**Your task:** Each and every line below goes into your answer unchanged, but leave out the images.

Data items
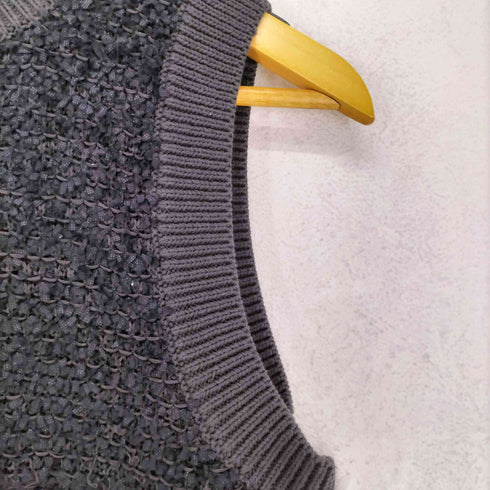 クラブモナコ CLUB MONACO デザインニットベスト レディース S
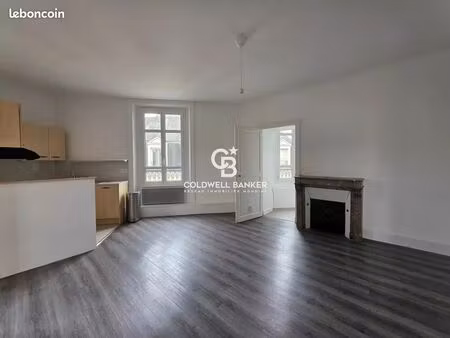 appartement 3 pièces 61 m²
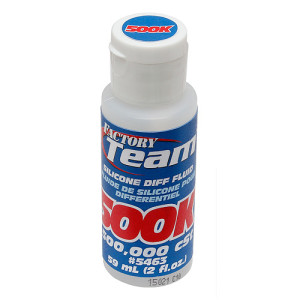 SILICONE DIFF FLUID 500,000CST - ASSOCIATED - 5463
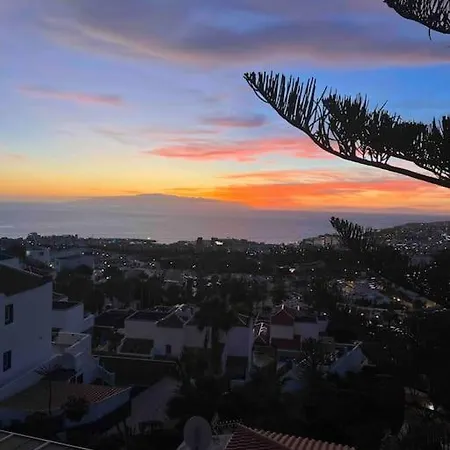 Apartment Con Vistas Al Mar Costa Adeje (Tenerife)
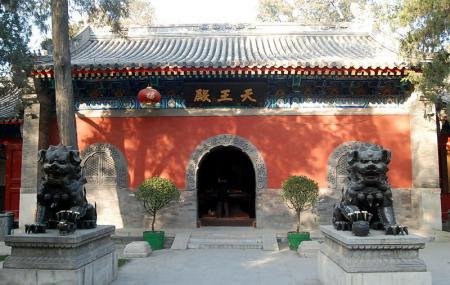 Fayuan Temple Image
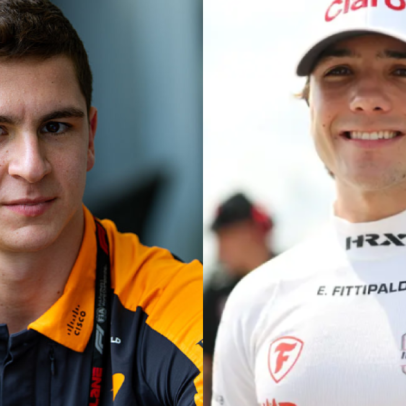 Indy: Arrow McLaren avalia Fornaroli e Enzo Fittipaldi para testes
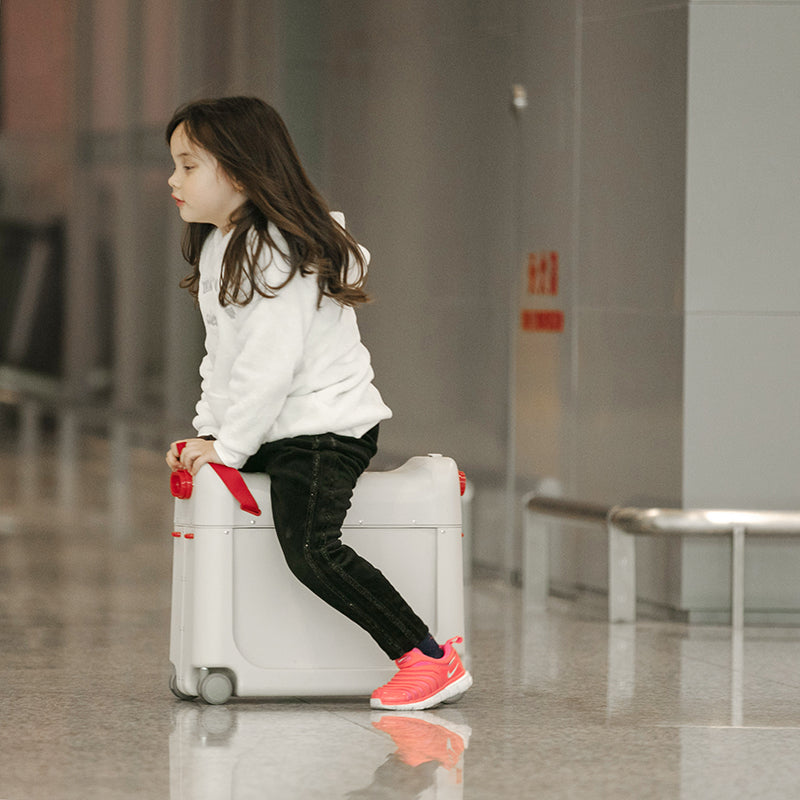 Multi Functional Travel Suitcase For Children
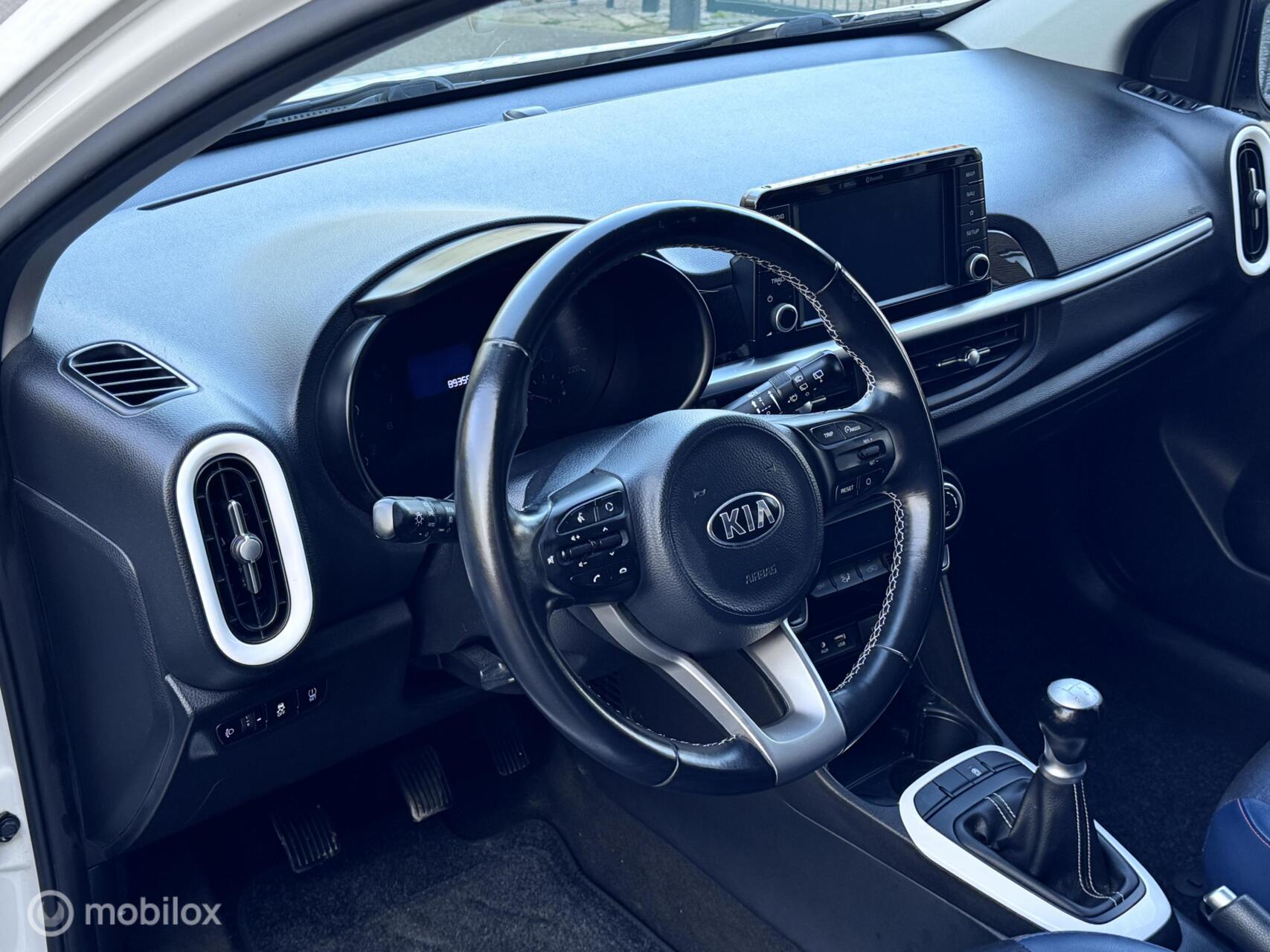 Foto van Kia Picanto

**Your solution:**
 クラブモナコ CLUB MONACO デザインニットベスト レディース S
 appartement 3 pièces 61 m²
 SILICONE DIFF FLUID 500,000CST - ASSOCIATED - 5463
 Apartment Con Vistas Al Mar Costa Adeje (Tenerife)
 Fayuan Temple Image
 Indy: Arrow McLaren avalia Fornaroli e Enzo Fittipaldi para testes
 Multi Functional Travel Suitcase For Children
 Foto van Kia Picanto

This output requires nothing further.